Man’s Search for Meaning is a big bag of gems. There is potentially no end to the mining and polishing of the thoughts contained inside, for one inclined to think and write on the themes that Frankl introduces so vividly and poignantly.
Without making any promises (to myself or anyone else), I think this book might be one I return to for writing prompts a number of times beyond this single blog post.
To begin with, I’ll just start with Frankl’s observation — which comes in Part I of the book, dealing with his concentration camp experiences — that we often insist on our own expectations of Life without stopping to consider what Life’s expectations are of us. He makes the observation within the context of attempting to prevent the suicides of other camp inmates. In their despair, they are saying, “Life has not met my expectations,” and his reply is: “Perhaps you have not met Life’s expectations of you!”
How’s that for a slap in the face to wake you up to reality?
We are so very fond of our pop psychology cliches. Of particular relevance is, “What is it you (I, we) want to get out of life?” To which, Frankl is responding, “What is it you (I, we) should to give to life?” We make it all about what can I get. Frankl is saying, based on experiences that few people still living today can relate to, we should be making it all about what we can give.
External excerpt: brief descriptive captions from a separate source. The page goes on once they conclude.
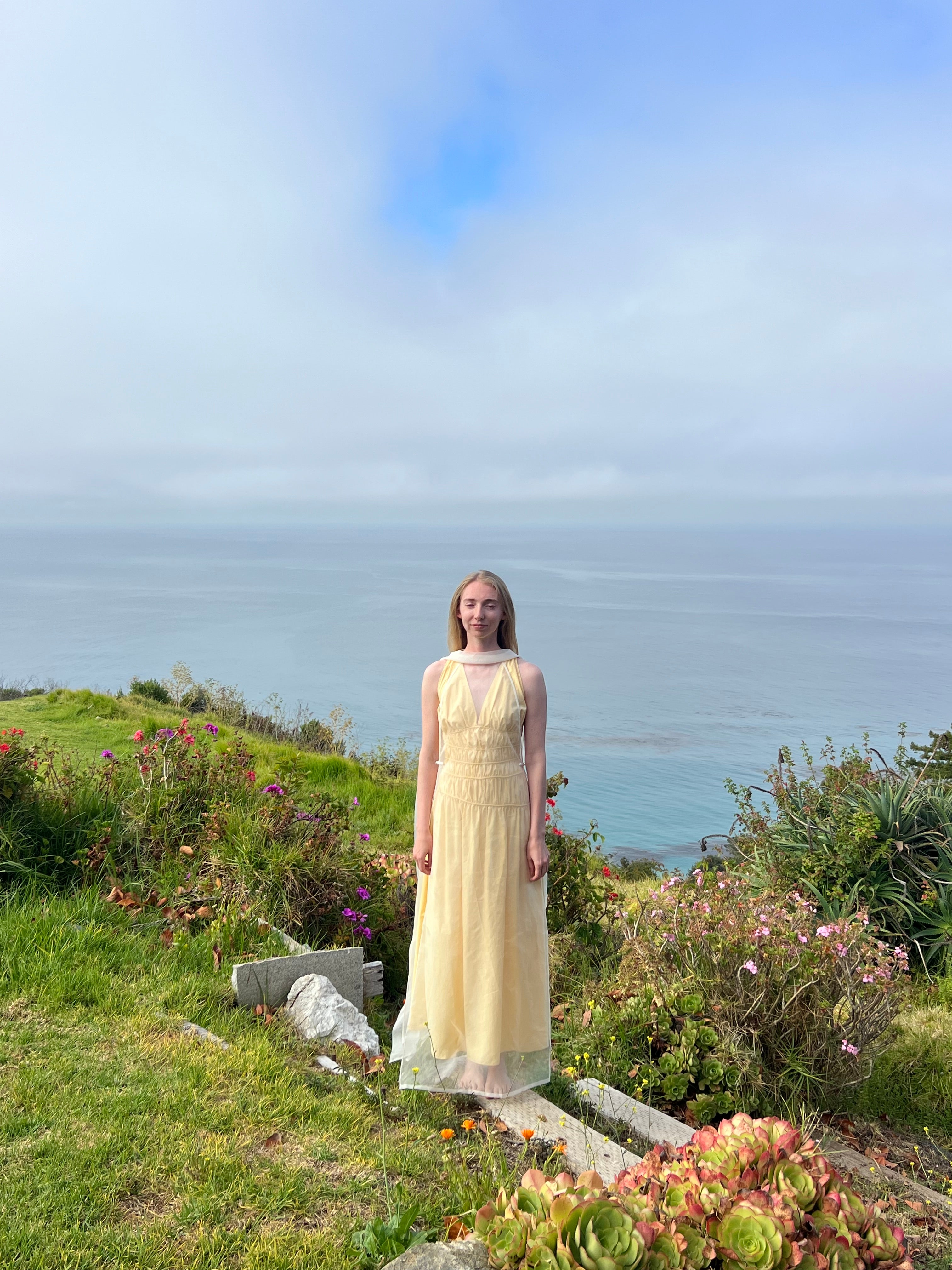 Afloat Silk Organza Dress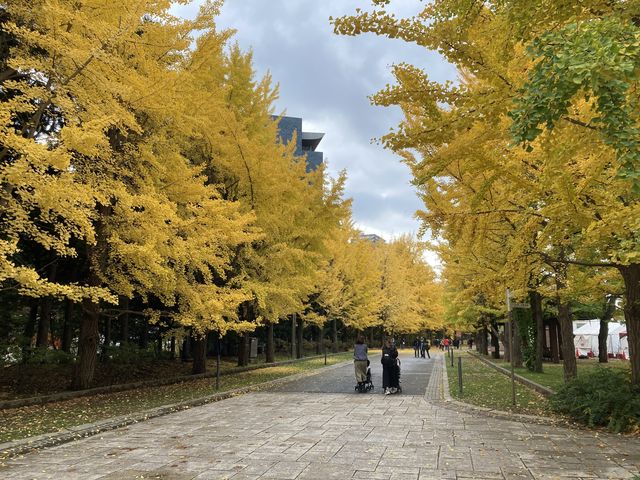 ������t�߂���̋�Ǖ��؂ł��B_��������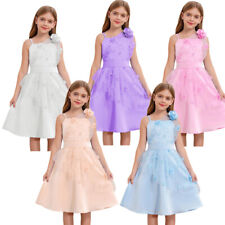 Girl Mesh Floral Embroidery Junior Bridesmaid Dress Pageant Party Formal Gown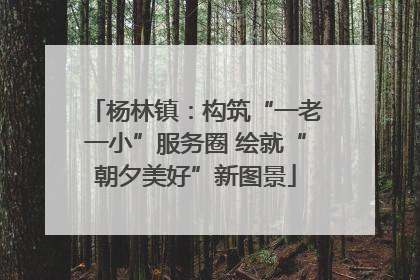 杨林镇：构筑“一老一小”服务圈 绘就“朝夕美好”新图景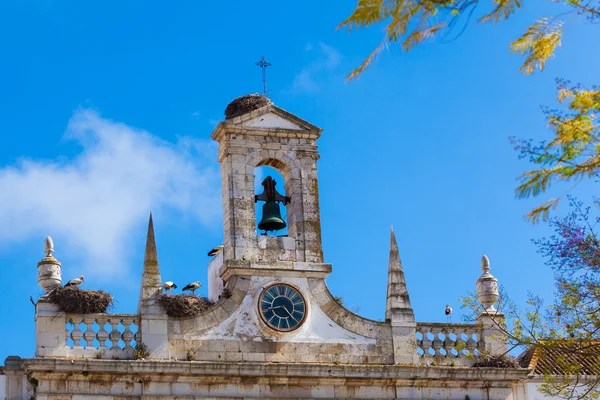 Stork at the top of the church — Stock Photo, Image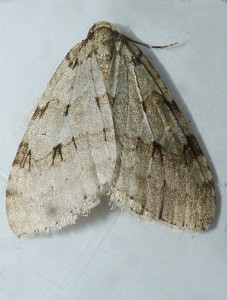 Geometridae - Epirrita christyi-redim800.JPG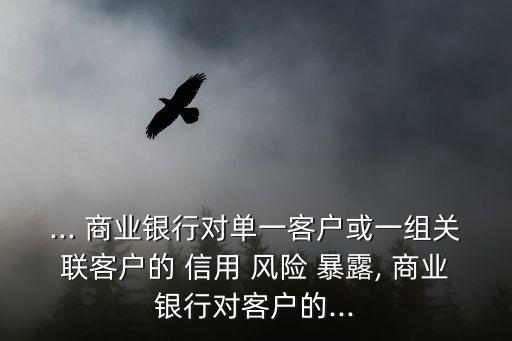 ... 商業(yè)銀行對(duì)單一客戶或一組關(guān)聯(lián)客戶的 信用 風(fēng)險(xiǎn) 暴露, 商業(yè)銀行對(duì)客戶的...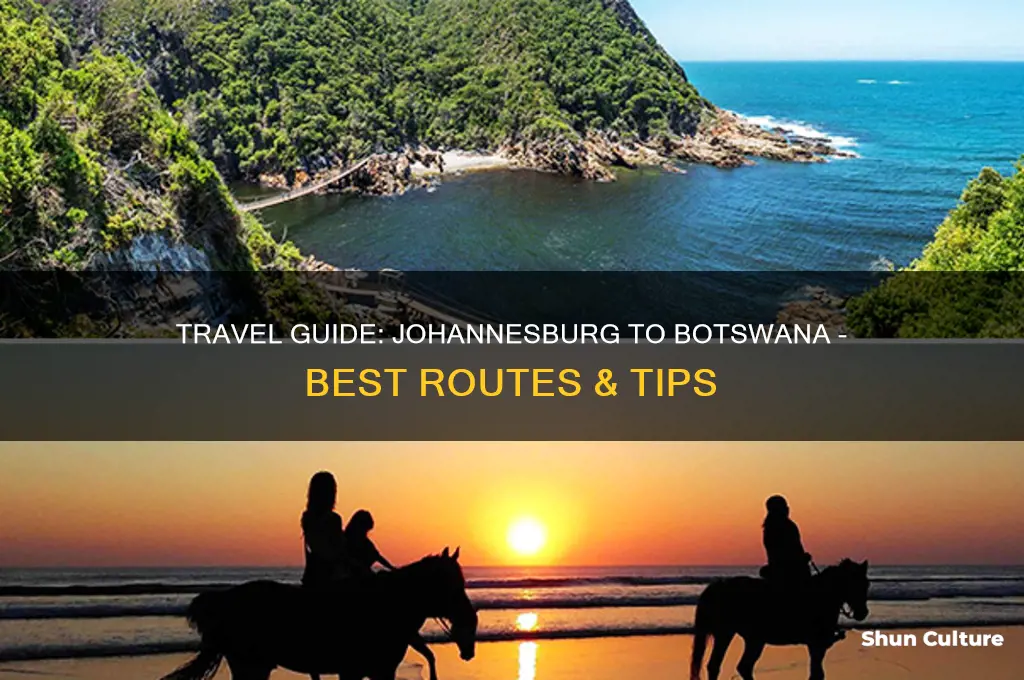 how to get from johannesburg to botswana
Now, I’ll be the first to admit that, framing it in that way, it starts to sound a lot like our pervasive pop psychology. But it’s not, not when Frankl is saying it.
He casts all of these ideas within a context of unavoidable suffering. One of his primary goals, explicitly stated, is to help people find meaning in their unavoidable suffering. That’s an interesting project. It’s interesting because it’s very popular today in many intellectual circles to cast all suffering as avoidable. There are a lot of folks out there who appear to honestly believe that, given the right science, technology, education, or politics, we can eliminate human suffering. But let’s be honest, that’s false.
I’m not promoting some neo-Buddhist ethic based on “all life is suffering.” What I am saying is that as long as human beings exist, there will be suffering and some of that suffering will be unavoidable. A fact that one Buddhist parable points out.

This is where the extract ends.